Graph Attention Based Proposal 3D ConvNets for Action Detection
DOI:
https://doi.org/10.1609/aaai.v34i04.5893Abstract
The recent advances in 3D Convolutional Neural Networks (3D CNNs) have shown promising performance for untrimmed video action detection, employing the popular detection framework that heavily relies on the temporal action proposal generations as the input of the action detector and localization regressor. In practice the proposals usually contain strong intra and inter relations among them, mainly stemming from the temporal and spatial variations in the video actions.
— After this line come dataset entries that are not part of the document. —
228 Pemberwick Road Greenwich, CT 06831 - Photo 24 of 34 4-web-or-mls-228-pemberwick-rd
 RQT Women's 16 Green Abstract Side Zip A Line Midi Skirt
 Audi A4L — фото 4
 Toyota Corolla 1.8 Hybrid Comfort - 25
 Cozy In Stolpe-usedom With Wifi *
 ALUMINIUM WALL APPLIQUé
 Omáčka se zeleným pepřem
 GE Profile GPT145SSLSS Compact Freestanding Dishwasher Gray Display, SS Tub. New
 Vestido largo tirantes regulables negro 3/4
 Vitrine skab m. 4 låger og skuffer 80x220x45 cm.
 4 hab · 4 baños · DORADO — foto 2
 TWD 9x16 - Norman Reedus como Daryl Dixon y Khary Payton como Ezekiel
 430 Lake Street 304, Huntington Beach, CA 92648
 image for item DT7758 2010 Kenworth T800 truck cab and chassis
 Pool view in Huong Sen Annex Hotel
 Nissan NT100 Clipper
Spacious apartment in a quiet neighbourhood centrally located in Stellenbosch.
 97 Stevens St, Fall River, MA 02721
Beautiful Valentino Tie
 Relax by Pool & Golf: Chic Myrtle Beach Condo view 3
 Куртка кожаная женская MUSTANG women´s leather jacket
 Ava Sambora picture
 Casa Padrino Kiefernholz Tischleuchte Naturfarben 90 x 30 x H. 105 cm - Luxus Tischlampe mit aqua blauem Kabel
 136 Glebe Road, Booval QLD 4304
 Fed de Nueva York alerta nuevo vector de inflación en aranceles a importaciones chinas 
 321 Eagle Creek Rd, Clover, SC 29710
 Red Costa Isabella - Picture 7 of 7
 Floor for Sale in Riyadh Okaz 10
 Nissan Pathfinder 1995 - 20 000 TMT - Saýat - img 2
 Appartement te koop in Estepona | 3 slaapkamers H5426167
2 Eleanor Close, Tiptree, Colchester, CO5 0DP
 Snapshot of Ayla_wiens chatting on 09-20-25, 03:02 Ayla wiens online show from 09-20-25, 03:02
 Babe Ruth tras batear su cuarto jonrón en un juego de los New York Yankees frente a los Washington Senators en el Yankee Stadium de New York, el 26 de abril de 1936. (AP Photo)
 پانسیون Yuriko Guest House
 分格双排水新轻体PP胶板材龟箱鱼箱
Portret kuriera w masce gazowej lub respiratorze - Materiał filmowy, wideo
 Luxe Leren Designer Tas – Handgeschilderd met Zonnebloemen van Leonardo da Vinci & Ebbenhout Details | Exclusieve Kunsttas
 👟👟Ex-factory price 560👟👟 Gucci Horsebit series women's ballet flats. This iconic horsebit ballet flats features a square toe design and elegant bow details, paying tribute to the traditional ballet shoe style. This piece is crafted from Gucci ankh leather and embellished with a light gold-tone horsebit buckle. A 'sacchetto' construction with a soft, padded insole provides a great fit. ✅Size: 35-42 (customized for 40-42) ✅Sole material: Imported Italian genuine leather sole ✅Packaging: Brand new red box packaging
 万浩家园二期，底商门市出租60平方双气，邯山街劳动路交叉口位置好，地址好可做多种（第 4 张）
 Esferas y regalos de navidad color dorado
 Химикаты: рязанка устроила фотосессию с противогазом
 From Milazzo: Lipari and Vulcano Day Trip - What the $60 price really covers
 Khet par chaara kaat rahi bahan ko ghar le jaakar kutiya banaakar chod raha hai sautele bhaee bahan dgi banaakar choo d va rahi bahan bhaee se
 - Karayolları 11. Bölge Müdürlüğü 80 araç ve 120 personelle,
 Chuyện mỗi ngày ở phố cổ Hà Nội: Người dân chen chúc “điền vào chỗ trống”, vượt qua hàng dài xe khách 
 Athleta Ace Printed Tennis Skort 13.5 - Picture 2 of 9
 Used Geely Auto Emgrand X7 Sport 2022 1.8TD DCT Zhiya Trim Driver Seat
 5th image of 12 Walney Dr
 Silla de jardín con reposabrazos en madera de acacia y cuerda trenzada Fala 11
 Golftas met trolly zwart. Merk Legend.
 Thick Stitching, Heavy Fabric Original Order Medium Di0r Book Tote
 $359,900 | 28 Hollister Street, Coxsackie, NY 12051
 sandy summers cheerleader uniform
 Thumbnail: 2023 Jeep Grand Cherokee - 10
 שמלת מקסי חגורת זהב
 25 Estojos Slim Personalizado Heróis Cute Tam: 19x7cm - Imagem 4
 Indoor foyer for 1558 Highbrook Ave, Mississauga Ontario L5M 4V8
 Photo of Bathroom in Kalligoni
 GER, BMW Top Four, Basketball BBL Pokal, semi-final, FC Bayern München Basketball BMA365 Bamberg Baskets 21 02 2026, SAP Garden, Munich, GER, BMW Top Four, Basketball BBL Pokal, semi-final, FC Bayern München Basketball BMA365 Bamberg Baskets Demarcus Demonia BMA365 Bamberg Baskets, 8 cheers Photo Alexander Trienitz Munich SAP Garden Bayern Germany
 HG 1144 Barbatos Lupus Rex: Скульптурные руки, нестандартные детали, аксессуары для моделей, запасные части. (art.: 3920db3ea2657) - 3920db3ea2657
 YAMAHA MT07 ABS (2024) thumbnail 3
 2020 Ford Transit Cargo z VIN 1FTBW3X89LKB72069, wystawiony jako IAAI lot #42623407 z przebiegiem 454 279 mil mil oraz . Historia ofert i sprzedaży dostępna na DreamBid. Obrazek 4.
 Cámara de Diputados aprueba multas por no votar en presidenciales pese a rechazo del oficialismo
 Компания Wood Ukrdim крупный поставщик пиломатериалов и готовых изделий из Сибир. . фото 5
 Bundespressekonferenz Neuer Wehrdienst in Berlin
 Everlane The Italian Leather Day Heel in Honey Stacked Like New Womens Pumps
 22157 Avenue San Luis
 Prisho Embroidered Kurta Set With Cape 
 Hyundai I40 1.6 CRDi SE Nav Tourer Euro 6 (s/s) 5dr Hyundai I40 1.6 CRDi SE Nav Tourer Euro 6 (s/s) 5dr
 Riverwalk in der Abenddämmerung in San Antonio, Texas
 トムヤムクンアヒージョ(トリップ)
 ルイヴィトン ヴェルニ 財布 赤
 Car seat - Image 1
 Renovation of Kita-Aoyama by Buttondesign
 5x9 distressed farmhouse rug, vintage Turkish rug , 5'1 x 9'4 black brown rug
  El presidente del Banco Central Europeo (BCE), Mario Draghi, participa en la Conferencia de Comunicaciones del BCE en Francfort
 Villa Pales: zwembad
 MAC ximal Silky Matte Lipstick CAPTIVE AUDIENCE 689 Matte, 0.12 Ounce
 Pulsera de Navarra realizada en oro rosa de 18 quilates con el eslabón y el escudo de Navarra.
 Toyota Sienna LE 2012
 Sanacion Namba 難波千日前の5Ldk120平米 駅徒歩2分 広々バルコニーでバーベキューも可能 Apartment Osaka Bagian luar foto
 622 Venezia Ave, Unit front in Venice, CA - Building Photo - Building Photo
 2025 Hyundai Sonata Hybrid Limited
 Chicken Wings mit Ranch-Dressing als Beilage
However, most of existing 3D CNNs ignore the relations and thus suffer from the redundant proposals degenerating the detection performance and efficiency. To address this problem, we propose graph attention based proposal 3D ConvNets (AGCN-P-3DCNNs) for video action detection. Specifically, our proposed graph attention is composed of intra attention based GCN and inter attention based GCN. We use intra attention to learn the intra long-range dependencies inside each action proposal and update node matrix of Intra Attention based GCN, and use inter attention to learn the inter dependencies between different action proposals as adjacency matrix of Inter Attention based GCN. Afterwards, we fuse intra and inter attention to model intra long-range dependencies and inter dependencies simultaneously. Another contribution is that we propose a simple and effective framewise classifier, which enhances the feature presentation capabilities of backbone model. Experiments on two proposal 3D ConvNets based models (P-C3D and P-ResNet) and two popular action detection benchmarks (THUMOS 2014, ActivityNet v1.3) demonstrate the state-of-the-art performance achieved by our method. Particularly, P-C3D embedded with our module achieves average mAP 3.7% improvement on THUMOS 2014 dataset compared to original model.